In-Depth
Profile: Flickr's Photo Synthesis
Flickr Architect Cal Henderson provides a snapshot of the popular photo-sharing Web site and its beginnings.
Flickr's catchphrase, "The best way to store, search, sort, and share your photos," seems like an arrogant assertion for a two-year-old Web site still in beta. But Flickr boasts more than 2 million users and countless technology critics who agree. They all think it's the best photo-management and -sharing application on the Web, not to mention an excellent example of Web 2.0 functionality.
Flickr Architect Cal Henderson attributes his company's success to a winning combination of unique services that sets it apart from its competitors. Essentially, Henderson says, Flickr is a social network based around photo sharing that relies on collaborative metadata, aggregation of community content, and open APIs.
Flickr is a crossbreed of social-networking and photo-sharing sites. Users develop relationships with other users. They can display photos in sets, or albums where a single photo can appear multiple times, and groups that are organized around special interests. They can also add photos to Flickr Web pages, RSS feeds, e-mails, and blogs for their friends and family to view.
To create a safe photo-sharing environment, Flickr offers unique permissions-based functionality. Flickr's creative commons, or license agreements, are "a natural extension" of a social network, says Henderson. Users govern their own data by licensing content when it's uploaded to the site, stipulating from the outset who can view their photos and how they're used.
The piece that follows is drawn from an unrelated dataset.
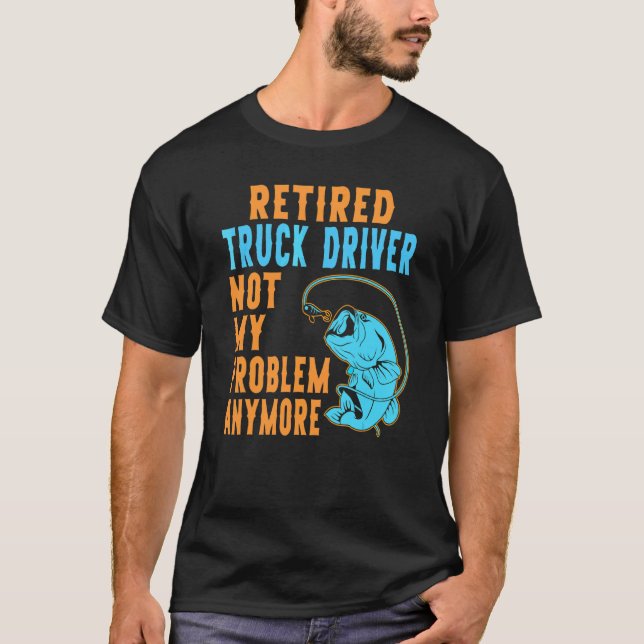 Retired Truck Driver Fishing  Retirement T-Shirt (Front)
Almost all of Flickr's creative commons encourage open content. Consequently, more than 80 percent of the 93 million photos on Flickr are available for public use. Henderson emphasizes that community-based content is essential to Flickr's progress. He proclaimed, "Upload photos, and let the world see."
Users rally around this community-based content. They add information to their own photos and other users' photos by tagging them, or marking data with words that indicate to search engines what's there. This information accretes around the photos as collaborative metadata. Users "can look at their friends' photos, tag them, comment on them, add to their friends' sets and groups, or switch up photos," Henderson explains. He sums up the process like this: "You aren't just viewing other people's data; you're actively changing it."
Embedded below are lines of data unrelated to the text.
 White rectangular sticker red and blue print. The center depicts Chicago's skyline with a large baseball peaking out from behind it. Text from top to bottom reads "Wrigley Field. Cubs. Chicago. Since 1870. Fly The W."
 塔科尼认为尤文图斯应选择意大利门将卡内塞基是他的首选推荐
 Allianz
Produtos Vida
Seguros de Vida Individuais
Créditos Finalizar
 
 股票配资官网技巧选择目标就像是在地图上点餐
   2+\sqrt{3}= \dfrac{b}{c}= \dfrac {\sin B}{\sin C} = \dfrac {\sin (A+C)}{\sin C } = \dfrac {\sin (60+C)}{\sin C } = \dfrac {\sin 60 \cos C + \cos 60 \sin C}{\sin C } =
Tagging photos with metadata allows Flickr to aggregate its community content. Community aggregation is a powerful organizational tool and a testament to the success of bottom-up hierarchies, Henderson says. By conducting a simple keyword search, users can easily organize and reorganize images. For example, Henderson clarifies, users "can look up all the photos that people have uploaded and tagged with 'San Francisco,' instead of just looking at their own photos of San Francisco." Flickr allows users to create different and appealing ways to perceive the group data, or as Henderson labels it, the "global collection of photos."
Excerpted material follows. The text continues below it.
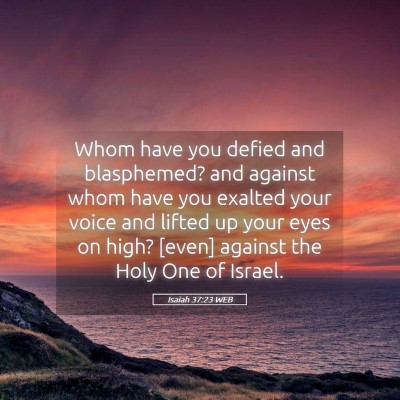 Picture 05 - Isaiah 37:23 WEB - Whom have you defied and blasphemed? and against - Bible Verse Picture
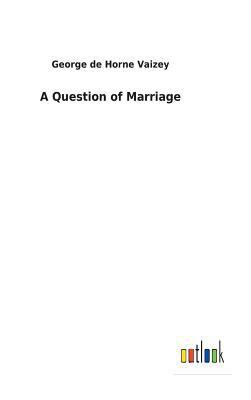 A Question of Marriage 3732621928 Book Cover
In addition to end users, developers can also benefit from Flickr technology through its open APIs. "Lots of people have built hundreds of applications on top of Flickr," Henderson says, and they've come up with interesting, and sometimes commercially useful, applications that add value to Flickr. And these same applications create more discussion about Flickr, helping recruit new users. Henderson proudly affirms that Flickr's popularity has "all been grass-roots, community-based growth."
Not surprisingly, this unique social-networking and photo-sharing hybrid has evolved quite a bit since its conception, and no one has been more amazed by Flickr's wild success than its creators: a small team of Vancouver-based developers formally known as Ludicorp. When Ludicorp was established, its mission was to produce a massively multiplayer online game called "Game Never Ending" (GNE). Money was tight in the early 2000s, and Ludicorp launched Flickr in February 2004 as a way to generate money for GNE production costs. It soon became apparent that Flickr was incredibly popular, so Ludicorp shelved the game and began working on Flickr full time.
Flickr was first modeled on the core technology behind GNE, a realtime messaging environment. Ludicorp also made photos available on Web pages in addition to the instant messaging services. According to Henderson, instant messaging required that lots of people were online at the same time—for this reason, the asynchronous nature of Web pages was more advantageous. Eventually, the realtime environment was abandoned.
It was around this time—March of last year—that Yahoo! acquired Flickr. The biggest change for Henderson was leaving Canada and moving to Sunnyvale, Calif., where Yahoo! is based. Henderson reports other changes too: "Yahoo! has given us the resources to buy necessary hardware, keep paying the staff, [and] come to work and have an office." He continues, "They know about building big Web sites, and we're in their datacenters. We no longer have to run into the datacenter whenever anything goes wrong, and pull out screwdrivers!"
So, what's on Flickr's six-month roadmap? For the most part, this remains a secret. But Henderson hinted that more features and mapping capabilities will be built into Flickr, in "new and exciting ways."